What Shaun of the Dead is really like, of course, is what might happen were zombies to wander into an episode of Spaced (1999–2001), the British television sitcom directed by Wright and created and written by Pegg and Jessica Stevenson (the latter two of whom also star in the series). The central characters of Spaced, Pegg’s Tim and Stevenson’s Daisy, are directionless, underachieving twenty-somethings who might fit in very well with Shaun and Ed and their crowd. Spaced also features Frost as the best friend of Pegg’s character, thus anticipating their relationship in Shaun. In the third episode of the first season of Spaced, Tim even become immersed in a video game in which he is killing zombies. Meanwhile, Shaun is particularly reminiscent of Spaced in the way both employ so many references to previous cultural artefacts, including films, television series, and video games, while drawing upon a variety of genres and employing a relatively intrusive editing style.

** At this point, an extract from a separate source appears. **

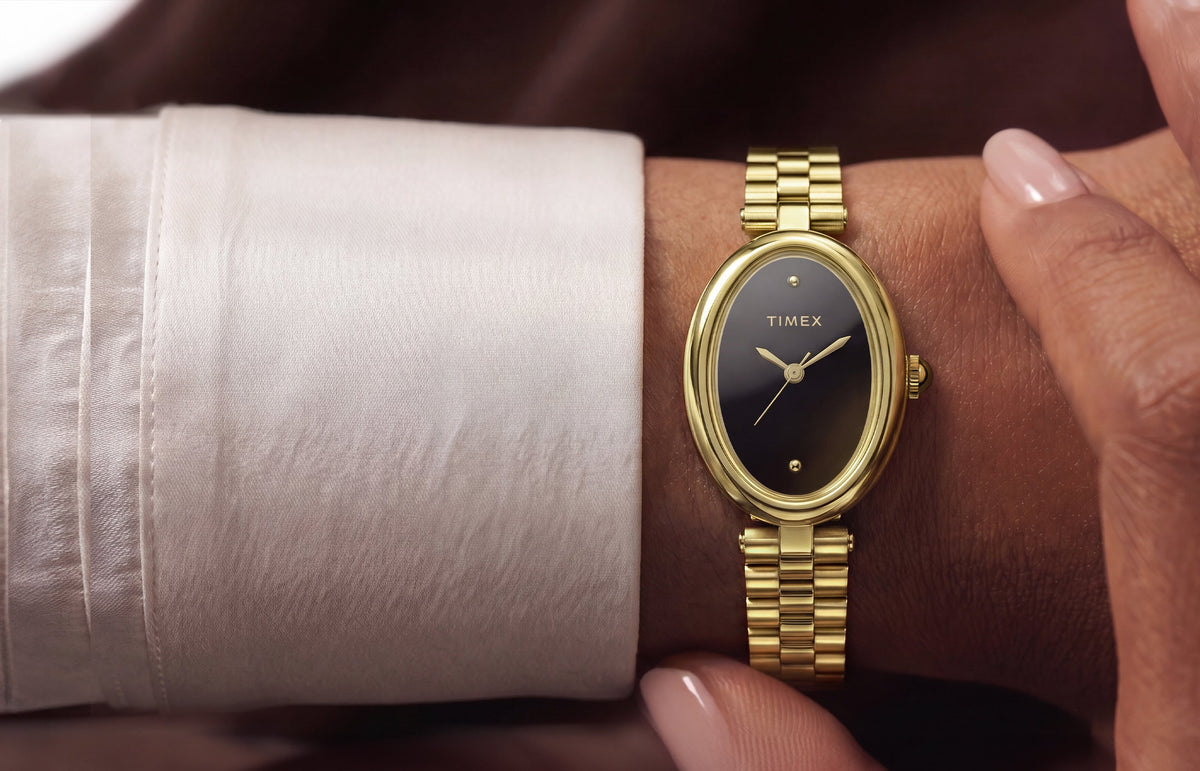 TW2Y86200 Person wearing the Timex Cavatina® Luxe gold-tone watch with a black dial while seated outdoors near the water, styled with a white outfit and sunglasses.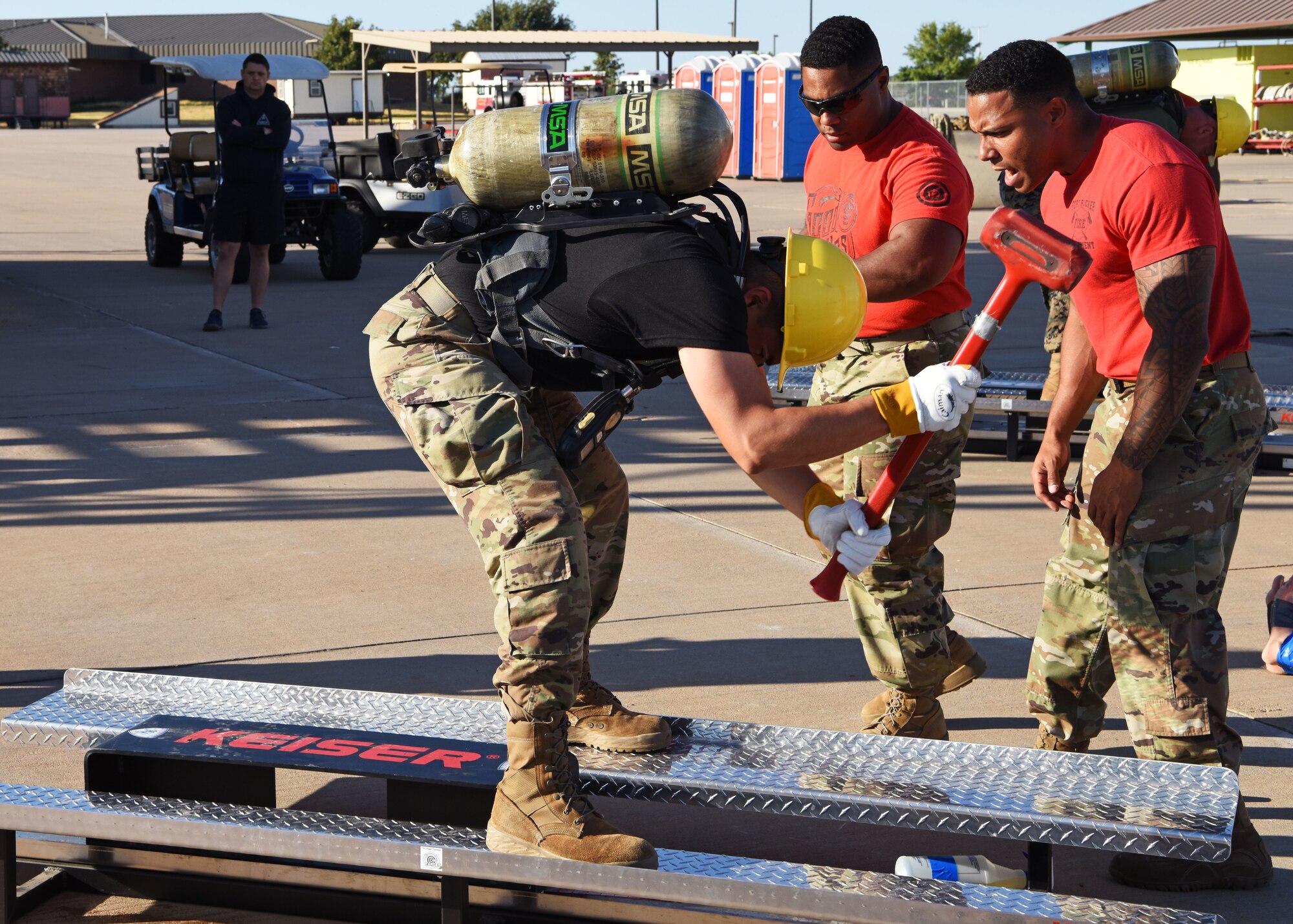 Fire prevention instructors motivate a fellow Soldier as he participates in a team relay involving different firefighter related challenges during Blood, Sweat, and Stairs at the Louis F. Garland Department of Defense Fire Academy on Goodfellow Air Force Base, Texas, Oct. 5, 2019. The relay required teams to work together by completing each challenge at maximum effort. (U.S. Air Force photo by Airman 1st Class Ethan Sherwood/Released)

In their pitch for Spaced, Pegg and Stevenson reportedly described it as a cross between The Simpsons, The X-Files, and Northern Exposure (Lee). Spaced, in short, mixes genres very much in the way Shaun subsequently would do.This mixture of genres surely gives Shaun of the Dead much of its special flavor[2], but it also participates in a whole series of boundary-crossings in the film, the most important of which is the deconstruction of the polar opposition between the living and the undead. And this deconstruction itself serves multiple functions, in addition to the obvious one of pointing toward the walking death that life under modern consumer capitalism can entail. In particular, the hobbling, deformed, physically grotesque zombies would at first glance almost seem to be walking embodiments of disability, and one could certainly argue that zombie movies derive their emotional charge not just from a fear of death on the part of viewers, but also from a fear of becoming grotesquely disabled.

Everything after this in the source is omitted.